今や科学の表舞台から消えた浦田真白。せっかく心血を注いできた素粒子物理学から距離を置いていた。研究を続けたい一心で、どの研究所の扉を叩いても、どのみち入所拒否。『大ホラ吹き』や『詐欺師』といったレッテルが一人歩きしており、皆彼女の顔を見た途端に、まるでゴミを見るような目で睨みつけて追い返す。つまり、浦田真白は、科学界からの事実上の出禁扱いになっていた。
リューグジョニウム事件の直後、家族から多分に心配され、農家を営む実家に戻って、平和に、穏やかに、ひっそりと家族と暮らしていた。

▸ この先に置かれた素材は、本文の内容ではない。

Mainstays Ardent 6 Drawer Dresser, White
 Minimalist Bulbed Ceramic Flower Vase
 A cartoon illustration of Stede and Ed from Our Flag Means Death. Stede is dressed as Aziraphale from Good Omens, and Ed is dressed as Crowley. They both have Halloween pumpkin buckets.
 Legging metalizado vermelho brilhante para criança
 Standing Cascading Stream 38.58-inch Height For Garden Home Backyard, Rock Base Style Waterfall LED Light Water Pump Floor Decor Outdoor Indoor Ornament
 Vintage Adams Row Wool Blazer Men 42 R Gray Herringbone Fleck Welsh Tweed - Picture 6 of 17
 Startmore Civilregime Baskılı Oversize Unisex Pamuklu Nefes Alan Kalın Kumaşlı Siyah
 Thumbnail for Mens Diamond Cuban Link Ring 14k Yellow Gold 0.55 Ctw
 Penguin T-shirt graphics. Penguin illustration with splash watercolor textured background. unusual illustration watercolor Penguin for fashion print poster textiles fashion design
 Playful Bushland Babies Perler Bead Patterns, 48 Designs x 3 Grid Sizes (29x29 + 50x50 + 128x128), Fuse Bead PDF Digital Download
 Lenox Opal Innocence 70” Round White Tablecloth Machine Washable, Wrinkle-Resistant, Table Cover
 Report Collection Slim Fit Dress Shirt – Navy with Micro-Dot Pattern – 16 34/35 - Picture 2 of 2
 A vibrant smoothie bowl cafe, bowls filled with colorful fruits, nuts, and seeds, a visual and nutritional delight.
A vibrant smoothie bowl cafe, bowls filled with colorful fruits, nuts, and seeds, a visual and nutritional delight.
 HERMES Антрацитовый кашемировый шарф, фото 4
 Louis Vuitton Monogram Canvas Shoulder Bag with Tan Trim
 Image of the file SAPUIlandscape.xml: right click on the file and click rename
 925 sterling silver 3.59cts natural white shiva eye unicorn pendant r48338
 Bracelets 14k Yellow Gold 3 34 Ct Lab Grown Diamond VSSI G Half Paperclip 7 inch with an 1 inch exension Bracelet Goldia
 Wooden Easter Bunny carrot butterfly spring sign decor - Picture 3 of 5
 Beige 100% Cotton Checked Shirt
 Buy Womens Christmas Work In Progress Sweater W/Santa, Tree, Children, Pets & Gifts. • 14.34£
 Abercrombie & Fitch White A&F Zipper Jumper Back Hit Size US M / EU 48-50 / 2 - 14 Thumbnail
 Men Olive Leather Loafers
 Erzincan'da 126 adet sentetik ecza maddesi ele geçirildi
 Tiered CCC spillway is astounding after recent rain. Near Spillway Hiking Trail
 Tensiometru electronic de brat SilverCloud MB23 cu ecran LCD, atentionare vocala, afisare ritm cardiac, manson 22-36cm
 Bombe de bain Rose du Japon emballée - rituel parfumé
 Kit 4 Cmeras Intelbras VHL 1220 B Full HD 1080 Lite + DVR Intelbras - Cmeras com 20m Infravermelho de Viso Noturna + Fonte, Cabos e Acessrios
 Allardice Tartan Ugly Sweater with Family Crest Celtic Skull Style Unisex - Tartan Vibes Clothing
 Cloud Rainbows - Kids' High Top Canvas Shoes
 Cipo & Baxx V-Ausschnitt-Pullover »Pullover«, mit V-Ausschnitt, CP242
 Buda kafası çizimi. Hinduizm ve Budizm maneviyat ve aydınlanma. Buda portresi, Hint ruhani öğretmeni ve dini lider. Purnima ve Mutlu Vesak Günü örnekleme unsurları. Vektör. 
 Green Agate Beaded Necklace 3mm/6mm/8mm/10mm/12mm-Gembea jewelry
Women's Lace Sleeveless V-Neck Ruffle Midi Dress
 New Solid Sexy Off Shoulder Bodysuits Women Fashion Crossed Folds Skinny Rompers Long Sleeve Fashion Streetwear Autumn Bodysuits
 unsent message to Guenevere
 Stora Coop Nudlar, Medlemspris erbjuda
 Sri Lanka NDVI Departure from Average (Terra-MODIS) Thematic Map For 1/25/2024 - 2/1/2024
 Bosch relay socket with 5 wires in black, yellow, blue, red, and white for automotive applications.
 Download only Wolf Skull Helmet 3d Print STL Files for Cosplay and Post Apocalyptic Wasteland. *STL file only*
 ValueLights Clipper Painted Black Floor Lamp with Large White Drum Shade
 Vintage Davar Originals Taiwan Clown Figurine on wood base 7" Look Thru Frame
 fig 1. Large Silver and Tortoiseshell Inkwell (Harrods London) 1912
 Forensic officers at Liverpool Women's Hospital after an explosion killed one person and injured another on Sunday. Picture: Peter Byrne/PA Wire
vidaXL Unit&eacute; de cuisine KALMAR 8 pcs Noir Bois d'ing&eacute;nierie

だが、彼女を非難した世間の声は耳に焼きついており、反芻することをやめない。
夜も昼も脳に響く、罵詈雑言。
〈再実験の結果、同氏の実験には再現性の欠如が認められた〉
——〈うそだ! お前たちは再現できないフリをした!〉
〈やっぱり不正か。最初からなんか胡散臭いと思ったんだよな〉
——〈お前に何がわかる? 科学の
〈お得意の『リューグジョニウム』を使った時間逆行で……〉
——〈時間逆行……。そうだ、時間を、戻す! 旧石器時代だか縄文時代だかわからないけど、少数の原始人が木の実でも採集して、野生動物と小競り合いしている時代があった。でも原始人の集団が大きくなって、より多くの食料が必要になり、狩猟採集から農耕社会になった。植物を栽培し、収穫することを学んだんだ。栽培し収穫すると言うことは定住すると言うこと。ますます収穫量は増え、さらに人も増え、村ができ、町ができ、市ができ、県ができ、国ができ、ひいては隣の国と国境がぶつかり、土地の領有権を主張し、争うようになった。だからこんな暮らしにくい国際社会になったんだ! 広い地球でのほほんと暮らしていれば、どこか遠くの他人の業績を潰そうだなんて思うことはない。人間は愚かな生き物だ! 今あげた中で一番大きな転換点はどこだ……? そうだ、農業だ。食料の大量生産なんて思いついてしまったから、人が増えて争うようになった。ならば私は……狩猟採集から農耕社会への転換を阻止すればいいのでは!? 農業を……ぶっ壊す!!〉
浦田真白はパッと立ち上がり……
「お母さん、私、研究を再開する!」
と高らかに宣言し、間引いた水菜の入った籠を、ドンガラガッシャンとひっくり返す。
「真白? どうしたのよ急に」
困惑する母。
浦田真白は茶色い大地を一歩踏み込み、
「こんなことしてる場合じゃない! ちょっとごめん! 通るね!」
と、勇ましい歩みを始め、まるで闘牛のように母を蹴散らしていく。
「ちょっと、危ないじゃないの! ていうか、間引き作業の続きは?」
と、怒る母。
浦田真白は母の声に振り返りも立ち止まりもせず、
「そんなことより研究なの研究! お母さんあとはよろしくね!」
と、綺麗に整列した水菜の茂りの上を横断しながら、最短距離で家の方角へと猪突猛進する。
「ああちょっと真白! 水菜踏んでるってば!」
母の声は、娘の耳には届かない。